Dal 2003, la Post Danmark aveva avviato un sistema di sconti per la pubblicità diretta per corrispondenza. Tali sconti, organizzati su una scala standardizzata (dal 6% al 16%) erano accessibili a qualsiasi cliente a identiche condizioni, e venivano applicati in funzione di tutti gli acquisti effettuati nel periodo di riferimento (pari a un anno). Nella pratica, all’inizio di ogni anno le parti si accordavano sulle quantità di spedizioni stimate per tale periodo, sulla cui base la Post Danmark applicava immediatamente gli sconti previsti dalla scala tariffaria. Al termine del periodo di riferimento, poi, veniva effettuato un adeguamento del prezzo applicato, qualora le quantità effettivamente spedite non corrispondessero alle previsioni iniziali, e lo sconto così determinato veniva quindi praticato per tutte le spedizioni effettuate nel corso dell’anno.

Tra il 2007 e il 2010 la Bring Citymail Danmark A/S (in prosieguo, la “Bring Citymail”), società controllata dall’impresa postale di Stato norvegese, aveva iniziato a operare sul mercato danese della spedizione di corrispondenza commerciale (comprese, quindi, le spedizioni pubblicitarie di massa), rappresentando l’unico concorrente serio della Post Danmark nel mercato di riferimento. Tuttavia, nel 2010 la Bring Citymail si era dovuta ritirare dal mercato, per via delle pesanti perdite sofferte.

A seguito di una denuncia depositata dalla Bring Citymail, il Consiglio per la concorrenza ha ritenuto che il sistema di sconti descritto, praticato dalla Post Danmark nel 2007 e nel 2008,  configurasse un abuso della posizione dominante da essa detenuta nel mercato danese della distribuzione delle spedizioni di massa, e le ha vietato di continuare a utilizzare il suddetto sistema. In particolare, l’autorità danese osservava come la Post Danmark costituisse, nel periodo di riferimento, una controparte commerciale ineludibile, detenendo oltre il 95% di un mercato caratterizzato da elevate barriere all’ingresso, e godendo inoltre di speciali vantaggi strutturali per via del monopolio ex lege ad essa attribuito.

Nell’ambito del giudizio di impugnazione promosso dalla Post Danmark avverso la suddetta decisione, il Tribunale degli affari marittimi e commerciali ha ritenuto di investire la Corte di giustizia di tre articolate questioni pregiudiziali.
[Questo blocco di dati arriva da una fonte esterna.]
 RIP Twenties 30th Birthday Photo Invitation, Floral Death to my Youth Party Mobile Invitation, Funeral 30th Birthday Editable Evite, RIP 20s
Esse vertono, in particolare,

(i) sui criteri che devono trovare applicazione al fine di stabilire se un sistema di sconti, quale quello praticato dalla Post Danmark nel caso di specie, sia atto ad avere un effetto preclusivo nel mercato, in violazione dell’articolo 102 TFUE;

(ii) sulla rilevanza da attribuire,  nell’ambito della suddetta valutazione, al criterio del c.d. concorrente altrettanto efficiente (“as efficient competitor”, o “AEC”), di cui alla Comunicazione della Commissione contenente gli orientamenti sulle priorità della stessa nell’applicazione dell’articolo 102 TFUE alle pratiche escludenti (G.U.U.E. 2009/C 45/02, § 24);

(iii) sulla necessità che l’effetto anticoncorrenziale di un sistema di sconti quale quello di specie sia, da un lato, probabile, e dall’altro, “grave o notevole” (in altri termini, apprezzabile).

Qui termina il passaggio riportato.